Les réseaux sociaux entretiennent une relation d’amour-haine avec les corps des femmes et des minorités. Tantôt utilisés à outrance et hypersexualisés dans les publicités [1], tantôt censurés sur Instagram, ces corps sont ainsi à la fois objets de désir et de controverse. Focus sur cette relation hypocrite.
Des corps valorisés, mais censurés
L’algorithme d’Instagram visibilise davantage les contenus montrant des corps dénudés. En effet, une photo de femme en sous-vêtements ou maillot de bain apparaît 1,6 x plus dans les fils d’actualité qu’une photo d’elle habillée . Par ailleurs, on peut parler d’une « formule beauté » sur les réseaux sociaux, car les femmes les plus influentes ont de nombreux points communs : grandes, jeunes, ventre plat, poitrine importante. Un corps dénudé rentrant dans les normes de beauté sera donc davantage visibilisé par la plateforme.

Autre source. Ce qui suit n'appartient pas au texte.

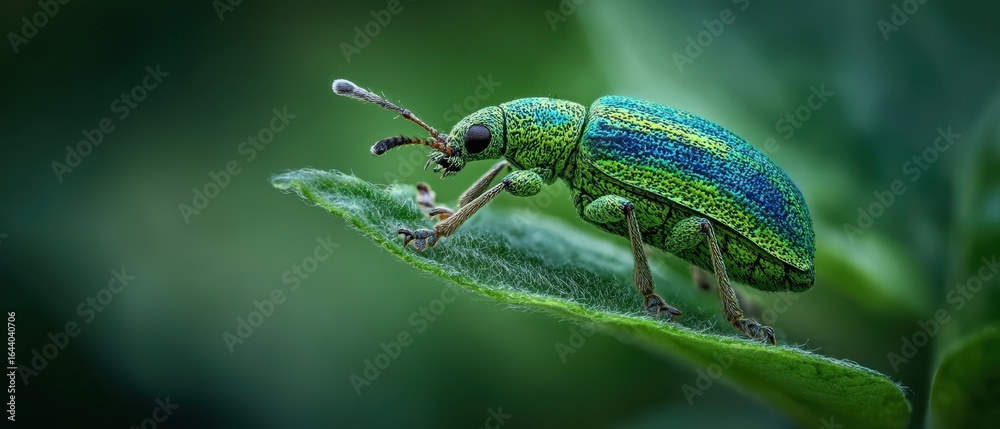 Naklejka premium The stunning green beetle perched on a vibrant leaf in nature.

À l’inverse, certaines parties du corps peuvent mener à des censures immédiates. Par exemple, si les algorithmes jugent qu’un téton appartient à un corps de femme, le contenu présentant celui-ci sera immédiatement supprimé de la plateforme. Pire encore, des contenus à visée préventive se sont déjà vus rapidement effacés. C’était le cas, en 2016, d’une vidéo mettant en avant l’autopalpation pour détecter un éventuel cancer du sein, alors qu’elle était justement pensée dans le but d’échapper à la censure. Plus récemment, en 2019, une autre campagne de lutte contre le cancer du sein s’est vue également censurée .
Un fonctionnement subjectif des réseaux sociaux
Pourtant, le positionnement de Facebook sur la nudité est celui-ci : « Avec le temps, nous avons adapté nos règlements relatifs à la nudité. […] Par exemple, alors que nous limitons certaines images de la poitrine féminine qui montrent le mamelon, nous autorisons d’autres types d’images, notamment celles illustrant des actes de protestation, des femmes défendant activement l’allaitement ou des cicatrices de mastectomie. […] Nous autorisons également les photos de peintures, sculptures et autres œuvres d’art illustrant des personnages nus ». Instagram et Snapchat fonctionnent de la même façon . TikTok, de son côté, interdit tout contenu affichant des tétons jugés féminins, sans concessions.
Pour pouvoir exister sur certains réseaux sociaux, les seins doivent être justifiés par de l’art, ce qui reste subjectif et difficilement jugeable par une modération réalisée en partie via une intelligence artificielle . Leur visibilisation peut également être justifiée par une situation d’allaitement ou être remplacés par des cicatrices.
Mais qu’en est-il de tous les autres cas de figure ? Qu’en est-il des personnes souhaitant simplement pouvoir montrer leur poitrine telles qu’elles sont sur les réseaux sociaux ? Chacun·e devrait être libre de disposer de son corps comme elle·il le souhaite et cela doit également s’appliquer aux réseaux sociaux. Ces publications peuvent servir comme un outil d’émancipation et de réappropriation de son corps. Après avoir été sexualisées par autrui, certaines personnes peuvent ressentir le besoin de décider d’elles-mêmes ce qu’elles souhaitent sexualiser. De plus, l’utilisation des réseaux sociaux à cette fin peut participer à une meilleure image de leur propre corps .
Bien que des utilisatrices·teurs aient trouvé de nombreux moyens de contourner la censure (en pixelisant les tétons, en collant des tétons « masculins », etc. Nous vivons dans une société qui sexualise et érotise les seins tout en empêchant ceux-ci d’être montrés car soumis aux regards des hommes. Les femmes sont dépossédées du droit de montrer ou non leur poitrine, de sexualiser ou non celle-ci. Et les réseaux sociaux, finalement, bien souvent créés par des hommes, ne sont qu’un reflet de cette société.